What is being asked: Set all of the entries down again precisely as they are written.

Records shown:
☆ ☆ ☆ ☆

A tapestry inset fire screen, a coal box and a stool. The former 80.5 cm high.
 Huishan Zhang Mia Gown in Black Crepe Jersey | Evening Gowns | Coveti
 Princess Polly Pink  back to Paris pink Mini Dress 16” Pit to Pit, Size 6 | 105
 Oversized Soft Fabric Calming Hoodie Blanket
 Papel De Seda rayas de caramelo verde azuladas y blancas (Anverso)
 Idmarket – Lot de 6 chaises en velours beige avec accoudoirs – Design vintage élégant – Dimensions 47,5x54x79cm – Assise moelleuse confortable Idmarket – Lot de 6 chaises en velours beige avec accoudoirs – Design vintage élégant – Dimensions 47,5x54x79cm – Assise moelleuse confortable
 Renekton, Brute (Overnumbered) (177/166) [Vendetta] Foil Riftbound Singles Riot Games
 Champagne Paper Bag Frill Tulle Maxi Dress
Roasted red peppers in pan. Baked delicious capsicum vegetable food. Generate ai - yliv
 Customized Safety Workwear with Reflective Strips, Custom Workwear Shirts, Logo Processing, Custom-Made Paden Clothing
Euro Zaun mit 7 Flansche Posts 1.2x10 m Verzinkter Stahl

☆ ☆ ☆ ☆

Response for this exercise:
A tapestry inset fire screen, a coal box and a stool. The former 80.5 cm high.
 Huishan Zhang Mia Gown in Black Crepe Jersey | Evening Gowns | Coveti
 Princess Polly Pink  back to Paris pink Mini Dress 16” Pit to Pit, Size 6 | 105
 Oversized Soft Fabric Calming Hoodie Blanket
 Papel De Seda rayas de caramelo verde azuladas y blancas (Anverso)
 Idmarket – Lot de 6 chaises en velours beige avec accoudoirs – Design vintage élégant – Dimensions 47,5x54x79cm – Assise moelleuse confortable Idmarket – Lot de 6 chaises en velours beige avec accoudoirs – Design vintage élégant – Dimensions 47,5x54x79cm – Assise moelleuse confortable
 Renekton, Brute (Overnumbered) (177/166) [Vendetta] Foil Riftbound Singles Riot Games
 Champagne Paper Bag Frill Tulle Maxi Dress
Roasted red peppers in pan. Baked delicious capsicum vegetable food. Generate ai - yliv
 Customized Safety Workwear with Reflective Strips, Custom Workwear Shirts, Logo Processing, Custom-Made Paden Clothing
Euro Zaun mit 7 Flansche Posts 1.2x10 m Verzinkter Stahl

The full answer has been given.